Upon entering Pure Beauty at LACMA, I overheard a fellow museum-goer tell his companion, “That’s cool — it looks like a lot of my iPhone pictures.” The viewer was responding to The Backs of All the Trucks Passed While Driving from Los Angeles to Santa Barbara, California, Sunday, 20 January 1963 — the first of more than 150 works in John Baldessari’s retrospective. Navigating through the rest of the exhibit, the viewer’s words echoed in my head, slowly illuminating the underlying threads of Baldessari’s fifty-year career.
In his Art:21 interview documented in the Season 5 companion book, John Baldessari tells us: “I was getting tired of hearing the complaint, ‘My kid could do this’… And I wondered what would happen if you gave people what they wanted, something they always look at.” While the implications of the viewer’s response to The Backs of Trucks were similar to the typical complaints leveled against conceptual art (as cited by Baldessari), the tone of his remark seemed altogether different. He appeared to be pleased and excited by the idea that, he — or anyone with a simple camera — might produce similar images. By giving people “something that they always look at,” Baldessari seems to sidestep the problems faced by most conceptual artists. He consistently avoids alienating viewers, no matter how facile his approach may seem.

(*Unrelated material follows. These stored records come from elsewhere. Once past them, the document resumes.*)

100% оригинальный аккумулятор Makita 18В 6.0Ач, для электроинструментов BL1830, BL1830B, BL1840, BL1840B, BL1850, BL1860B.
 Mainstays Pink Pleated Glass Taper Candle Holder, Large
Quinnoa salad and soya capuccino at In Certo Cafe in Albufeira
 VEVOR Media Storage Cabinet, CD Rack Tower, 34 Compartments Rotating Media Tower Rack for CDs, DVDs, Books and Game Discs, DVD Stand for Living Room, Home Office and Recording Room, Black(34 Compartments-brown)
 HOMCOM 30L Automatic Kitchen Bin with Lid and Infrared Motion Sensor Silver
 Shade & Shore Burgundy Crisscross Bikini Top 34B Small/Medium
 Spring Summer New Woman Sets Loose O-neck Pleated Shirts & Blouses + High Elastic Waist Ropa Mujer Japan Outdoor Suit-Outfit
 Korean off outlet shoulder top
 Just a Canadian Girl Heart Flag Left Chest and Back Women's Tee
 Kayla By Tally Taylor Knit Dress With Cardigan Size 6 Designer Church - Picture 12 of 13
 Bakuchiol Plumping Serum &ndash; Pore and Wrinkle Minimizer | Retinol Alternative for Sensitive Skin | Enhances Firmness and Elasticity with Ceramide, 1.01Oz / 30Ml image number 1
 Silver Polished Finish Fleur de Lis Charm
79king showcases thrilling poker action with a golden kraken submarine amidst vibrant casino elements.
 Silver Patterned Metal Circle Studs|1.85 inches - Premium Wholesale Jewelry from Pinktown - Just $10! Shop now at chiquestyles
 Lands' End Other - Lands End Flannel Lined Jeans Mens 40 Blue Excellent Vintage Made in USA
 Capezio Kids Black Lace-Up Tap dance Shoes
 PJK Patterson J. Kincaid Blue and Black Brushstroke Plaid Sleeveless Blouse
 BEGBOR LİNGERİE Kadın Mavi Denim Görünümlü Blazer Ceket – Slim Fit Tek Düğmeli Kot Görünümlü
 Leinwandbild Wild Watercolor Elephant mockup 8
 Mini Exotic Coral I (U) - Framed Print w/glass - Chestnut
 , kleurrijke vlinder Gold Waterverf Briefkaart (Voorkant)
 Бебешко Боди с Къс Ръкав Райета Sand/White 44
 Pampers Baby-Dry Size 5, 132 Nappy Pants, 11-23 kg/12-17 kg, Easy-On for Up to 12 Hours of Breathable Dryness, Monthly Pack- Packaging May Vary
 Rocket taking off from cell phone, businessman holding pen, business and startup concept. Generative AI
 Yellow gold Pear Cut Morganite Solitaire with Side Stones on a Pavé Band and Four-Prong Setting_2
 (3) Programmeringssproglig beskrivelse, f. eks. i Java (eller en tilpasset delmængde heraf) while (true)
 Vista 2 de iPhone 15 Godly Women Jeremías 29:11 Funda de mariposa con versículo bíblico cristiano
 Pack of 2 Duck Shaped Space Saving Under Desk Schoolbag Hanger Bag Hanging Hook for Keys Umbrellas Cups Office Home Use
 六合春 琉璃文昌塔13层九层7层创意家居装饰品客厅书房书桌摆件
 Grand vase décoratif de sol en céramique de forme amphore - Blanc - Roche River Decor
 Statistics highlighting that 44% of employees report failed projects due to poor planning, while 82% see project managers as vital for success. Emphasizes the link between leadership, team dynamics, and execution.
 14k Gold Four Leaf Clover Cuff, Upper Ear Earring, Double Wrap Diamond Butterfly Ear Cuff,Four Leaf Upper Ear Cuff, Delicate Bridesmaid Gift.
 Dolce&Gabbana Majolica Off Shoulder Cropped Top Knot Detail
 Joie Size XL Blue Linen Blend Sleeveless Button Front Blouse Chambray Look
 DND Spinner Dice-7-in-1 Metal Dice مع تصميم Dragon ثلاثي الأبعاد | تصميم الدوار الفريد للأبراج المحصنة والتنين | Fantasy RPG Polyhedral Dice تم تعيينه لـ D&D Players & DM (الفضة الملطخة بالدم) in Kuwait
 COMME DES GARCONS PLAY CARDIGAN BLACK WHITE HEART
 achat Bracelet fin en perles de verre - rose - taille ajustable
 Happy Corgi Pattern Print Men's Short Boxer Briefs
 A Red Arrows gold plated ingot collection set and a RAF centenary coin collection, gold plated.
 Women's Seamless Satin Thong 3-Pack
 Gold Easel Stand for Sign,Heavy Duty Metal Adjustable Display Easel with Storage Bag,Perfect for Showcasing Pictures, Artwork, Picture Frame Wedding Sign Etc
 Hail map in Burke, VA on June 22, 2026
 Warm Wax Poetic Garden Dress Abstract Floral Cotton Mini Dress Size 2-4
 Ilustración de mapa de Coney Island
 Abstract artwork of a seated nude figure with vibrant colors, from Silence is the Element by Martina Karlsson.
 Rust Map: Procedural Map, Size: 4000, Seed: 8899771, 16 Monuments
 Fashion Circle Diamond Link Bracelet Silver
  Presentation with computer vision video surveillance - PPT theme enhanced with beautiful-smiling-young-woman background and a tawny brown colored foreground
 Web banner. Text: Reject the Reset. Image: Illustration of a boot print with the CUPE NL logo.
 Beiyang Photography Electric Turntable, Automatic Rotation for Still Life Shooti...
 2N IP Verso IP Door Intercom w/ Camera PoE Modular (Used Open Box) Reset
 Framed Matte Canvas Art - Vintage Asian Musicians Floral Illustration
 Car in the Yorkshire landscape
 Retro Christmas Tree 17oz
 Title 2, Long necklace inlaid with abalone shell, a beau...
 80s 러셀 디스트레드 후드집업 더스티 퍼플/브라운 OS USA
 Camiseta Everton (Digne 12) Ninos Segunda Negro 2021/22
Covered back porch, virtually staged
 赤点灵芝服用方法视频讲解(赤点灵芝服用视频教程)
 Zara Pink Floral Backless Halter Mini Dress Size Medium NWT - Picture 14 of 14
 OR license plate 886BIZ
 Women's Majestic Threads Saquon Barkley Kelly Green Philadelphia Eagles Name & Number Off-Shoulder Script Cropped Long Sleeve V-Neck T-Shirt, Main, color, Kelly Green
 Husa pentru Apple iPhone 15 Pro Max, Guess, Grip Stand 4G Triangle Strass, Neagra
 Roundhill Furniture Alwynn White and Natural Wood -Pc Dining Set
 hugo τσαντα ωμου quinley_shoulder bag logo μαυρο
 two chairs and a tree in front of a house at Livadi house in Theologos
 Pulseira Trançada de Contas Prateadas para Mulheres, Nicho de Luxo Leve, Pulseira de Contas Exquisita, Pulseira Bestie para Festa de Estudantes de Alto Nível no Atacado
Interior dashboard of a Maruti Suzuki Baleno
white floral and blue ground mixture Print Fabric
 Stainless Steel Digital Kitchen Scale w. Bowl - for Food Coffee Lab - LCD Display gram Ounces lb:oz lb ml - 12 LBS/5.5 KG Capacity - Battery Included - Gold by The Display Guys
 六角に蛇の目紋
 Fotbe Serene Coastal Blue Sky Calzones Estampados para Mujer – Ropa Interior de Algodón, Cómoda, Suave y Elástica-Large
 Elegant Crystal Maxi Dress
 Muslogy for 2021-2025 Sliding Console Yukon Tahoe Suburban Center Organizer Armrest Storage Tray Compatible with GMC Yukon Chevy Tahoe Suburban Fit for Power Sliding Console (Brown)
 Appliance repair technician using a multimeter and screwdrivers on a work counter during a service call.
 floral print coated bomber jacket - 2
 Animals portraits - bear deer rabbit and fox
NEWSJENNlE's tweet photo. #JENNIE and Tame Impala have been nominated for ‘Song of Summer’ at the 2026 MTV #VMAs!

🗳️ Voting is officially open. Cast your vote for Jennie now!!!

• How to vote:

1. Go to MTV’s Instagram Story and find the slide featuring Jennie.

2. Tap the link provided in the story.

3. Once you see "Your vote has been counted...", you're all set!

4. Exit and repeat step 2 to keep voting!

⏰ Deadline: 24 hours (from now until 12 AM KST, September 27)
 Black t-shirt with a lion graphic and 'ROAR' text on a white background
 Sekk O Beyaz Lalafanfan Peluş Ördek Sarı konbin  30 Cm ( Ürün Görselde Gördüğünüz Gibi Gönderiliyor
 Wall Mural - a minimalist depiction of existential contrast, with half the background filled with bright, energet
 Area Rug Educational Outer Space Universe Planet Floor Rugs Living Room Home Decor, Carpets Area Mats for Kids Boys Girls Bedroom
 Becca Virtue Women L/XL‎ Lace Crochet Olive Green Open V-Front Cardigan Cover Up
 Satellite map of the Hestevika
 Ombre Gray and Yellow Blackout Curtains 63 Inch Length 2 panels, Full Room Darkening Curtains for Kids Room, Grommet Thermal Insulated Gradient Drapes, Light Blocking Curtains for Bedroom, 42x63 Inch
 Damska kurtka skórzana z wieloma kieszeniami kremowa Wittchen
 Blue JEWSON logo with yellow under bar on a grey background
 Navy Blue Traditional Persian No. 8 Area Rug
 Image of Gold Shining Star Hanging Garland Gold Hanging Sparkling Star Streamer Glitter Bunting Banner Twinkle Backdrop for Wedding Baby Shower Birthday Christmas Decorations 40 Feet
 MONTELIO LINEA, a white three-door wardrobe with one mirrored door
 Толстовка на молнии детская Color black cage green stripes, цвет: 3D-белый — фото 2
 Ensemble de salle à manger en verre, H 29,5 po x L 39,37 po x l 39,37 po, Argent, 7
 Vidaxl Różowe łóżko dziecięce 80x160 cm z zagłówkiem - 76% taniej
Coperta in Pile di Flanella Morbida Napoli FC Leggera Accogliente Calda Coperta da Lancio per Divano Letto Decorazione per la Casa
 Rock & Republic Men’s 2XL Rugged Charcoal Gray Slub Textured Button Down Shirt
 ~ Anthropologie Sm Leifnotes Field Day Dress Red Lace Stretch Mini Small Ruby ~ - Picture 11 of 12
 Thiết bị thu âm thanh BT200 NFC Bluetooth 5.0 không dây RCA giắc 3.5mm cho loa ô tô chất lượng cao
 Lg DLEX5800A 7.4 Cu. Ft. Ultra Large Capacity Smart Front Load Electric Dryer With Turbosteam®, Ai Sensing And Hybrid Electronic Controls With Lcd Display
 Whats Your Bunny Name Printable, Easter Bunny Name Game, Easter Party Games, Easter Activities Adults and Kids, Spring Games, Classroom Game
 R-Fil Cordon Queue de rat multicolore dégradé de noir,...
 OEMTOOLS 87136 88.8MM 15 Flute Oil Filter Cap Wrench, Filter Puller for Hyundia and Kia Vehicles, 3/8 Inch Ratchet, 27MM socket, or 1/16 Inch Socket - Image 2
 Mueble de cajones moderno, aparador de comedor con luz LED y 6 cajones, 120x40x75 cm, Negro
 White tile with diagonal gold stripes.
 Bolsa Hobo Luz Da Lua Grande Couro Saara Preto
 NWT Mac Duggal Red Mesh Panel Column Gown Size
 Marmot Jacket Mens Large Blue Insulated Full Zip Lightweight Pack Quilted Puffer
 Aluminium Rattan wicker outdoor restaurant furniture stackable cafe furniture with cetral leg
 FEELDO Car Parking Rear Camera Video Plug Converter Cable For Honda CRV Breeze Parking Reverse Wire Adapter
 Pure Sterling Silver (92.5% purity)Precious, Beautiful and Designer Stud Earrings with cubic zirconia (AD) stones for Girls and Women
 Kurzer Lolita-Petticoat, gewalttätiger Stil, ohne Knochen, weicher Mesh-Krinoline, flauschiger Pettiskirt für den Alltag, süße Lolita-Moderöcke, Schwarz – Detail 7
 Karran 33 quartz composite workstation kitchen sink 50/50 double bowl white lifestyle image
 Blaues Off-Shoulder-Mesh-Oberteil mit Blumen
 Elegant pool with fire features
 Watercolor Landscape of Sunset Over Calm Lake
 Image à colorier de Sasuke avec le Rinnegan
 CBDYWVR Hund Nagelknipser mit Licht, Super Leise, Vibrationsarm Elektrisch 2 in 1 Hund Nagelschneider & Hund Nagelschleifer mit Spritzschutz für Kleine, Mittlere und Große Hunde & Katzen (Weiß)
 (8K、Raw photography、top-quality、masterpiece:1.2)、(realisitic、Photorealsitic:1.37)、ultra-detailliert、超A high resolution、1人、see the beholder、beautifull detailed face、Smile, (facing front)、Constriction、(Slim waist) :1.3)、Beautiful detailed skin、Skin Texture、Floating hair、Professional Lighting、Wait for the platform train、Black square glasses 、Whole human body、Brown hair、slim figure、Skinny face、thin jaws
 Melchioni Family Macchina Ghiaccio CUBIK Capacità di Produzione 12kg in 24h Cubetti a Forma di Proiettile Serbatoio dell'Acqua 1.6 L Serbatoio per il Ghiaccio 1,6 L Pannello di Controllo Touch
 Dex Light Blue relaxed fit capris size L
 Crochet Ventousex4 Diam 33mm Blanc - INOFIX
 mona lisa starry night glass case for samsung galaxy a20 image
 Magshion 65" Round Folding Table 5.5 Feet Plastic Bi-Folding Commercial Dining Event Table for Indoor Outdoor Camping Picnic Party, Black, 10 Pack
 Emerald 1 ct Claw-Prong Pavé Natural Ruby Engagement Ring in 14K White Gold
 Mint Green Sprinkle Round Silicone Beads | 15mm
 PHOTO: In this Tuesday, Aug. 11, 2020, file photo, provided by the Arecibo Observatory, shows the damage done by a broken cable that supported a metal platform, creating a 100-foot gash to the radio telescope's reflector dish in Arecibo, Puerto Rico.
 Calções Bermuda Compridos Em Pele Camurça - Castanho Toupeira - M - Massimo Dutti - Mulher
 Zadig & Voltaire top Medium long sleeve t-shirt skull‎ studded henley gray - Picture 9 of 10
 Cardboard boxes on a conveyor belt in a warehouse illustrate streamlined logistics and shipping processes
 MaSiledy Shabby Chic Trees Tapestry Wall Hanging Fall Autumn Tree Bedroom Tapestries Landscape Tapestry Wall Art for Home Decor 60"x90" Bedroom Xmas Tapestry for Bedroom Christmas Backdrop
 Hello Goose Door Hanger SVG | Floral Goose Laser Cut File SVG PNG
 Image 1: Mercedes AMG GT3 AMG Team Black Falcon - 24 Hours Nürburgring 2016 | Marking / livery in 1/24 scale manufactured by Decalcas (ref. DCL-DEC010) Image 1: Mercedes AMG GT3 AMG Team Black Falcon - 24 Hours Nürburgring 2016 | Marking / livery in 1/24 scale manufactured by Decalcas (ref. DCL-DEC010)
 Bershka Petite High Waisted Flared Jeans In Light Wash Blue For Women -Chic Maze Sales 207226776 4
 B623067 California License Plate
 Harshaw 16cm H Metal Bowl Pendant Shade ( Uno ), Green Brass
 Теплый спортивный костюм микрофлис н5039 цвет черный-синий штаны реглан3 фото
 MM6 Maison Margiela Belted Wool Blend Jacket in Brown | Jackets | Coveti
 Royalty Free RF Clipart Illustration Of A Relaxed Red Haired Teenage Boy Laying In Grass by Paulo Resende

Rather than drawing solely from traditional curatorial commentary, the wall labels of Pure Beauty are peppered with quotations from Baldessari. For the 1969 Commisioned Painting series, Baldessari explains that he wanted encourage the audience “to practice connoisseurship.” By repeating the element of the pointed finger, Baldessari empowers the viewer, allowing he or she to compare the different approaches to painting practiced by each commissioned artist. By drawing the viewer into the work in this way, Baldessari always firmly positions his audience as “in on” the joke, rather than as the butt of it.
Though consistently humorous, Baldessari never enters the territory of smugness. While the work typically sets up humorous scenarios, there is often no clear, singular punchline. From 1969’s Ghetto Boundary Project to 2004’s Five Yellow Divisions: With Persons (Black and White), Baldessari manages to provoke nuanced lines of questioning through simple juxtapositions of words, images, and symbols. While works such as Wrong address the absurdity of aesthetic didacticism, he refrains from implying any clear conclusions about the purpose of visual standards. Even the most comical juxtapositions in the work transcend the realm of the one-liner, hovering instead within the provocative territory of the riddle. Indeed, the driving force of Baldessari’s process is not comedy or irony, but a sincere interest in dissecting and understanding the world. In his Art:21 interview, Baldessari explains, “I don’t see what I do so much as humor as I see it as an attitude or how I look at the world… it’s a way to make sense. If I were trying to be funny it would be a different kind of work.”
While Pure Beauty originated at the Tate Modern and will arrive at the Met in October, Baldessari created a special work to celebrate the exhibition’s opening on his home turf. The interactive piece, entitled In Still Life 2001-2010, allows the viewer to create his or her own version of Abraham van Beyeren’s Banquet Still Life by digitally rearranging more than three dozen elements within the 17th-century painting held within LACMA’s permanent collection. Available as an application for the iPad and iPhone or else as a good old fashioned website, the piece actually began, as the title suggests, in 2001 when Baldessari created an on-site version, in which LACMA visitors could arrange elements of the same still life painting and project the image onto the gallery wall next to the original work. Whereas users of the earlier iteration could print and email their remixed still life images, the participants can now share their compositions on Flickr and Facebook.
At first glance, Baldessari’s foray into net art might seem abrupt. Yet within the context of the retrospective exhibition, one can view it as part of his longstanding interest in democratizing the process of relating to art, and leveling the artist/viewer/artwork playing field. Moreover, given works such as Choosing (A Game for Two Players): Carrots, In Still Life 2001-2010 feels like a natural continuation of Baldessari’s leitmotif of play, selection, and decision-making as a metaphor for the artistic process and for the way we live our lives. While Baldessari says that he chose a “generic” still life, he believes that there is a hierarchy among the elements within the painting: “The lobster is the most important object in the painting. I’m just anticipating everyone trying to make the lobster dance and do back flips.” But can the iPhone app run simultaneously with the camera feature? I would like to make the lobster dance around the photos I take of the back’s trucks.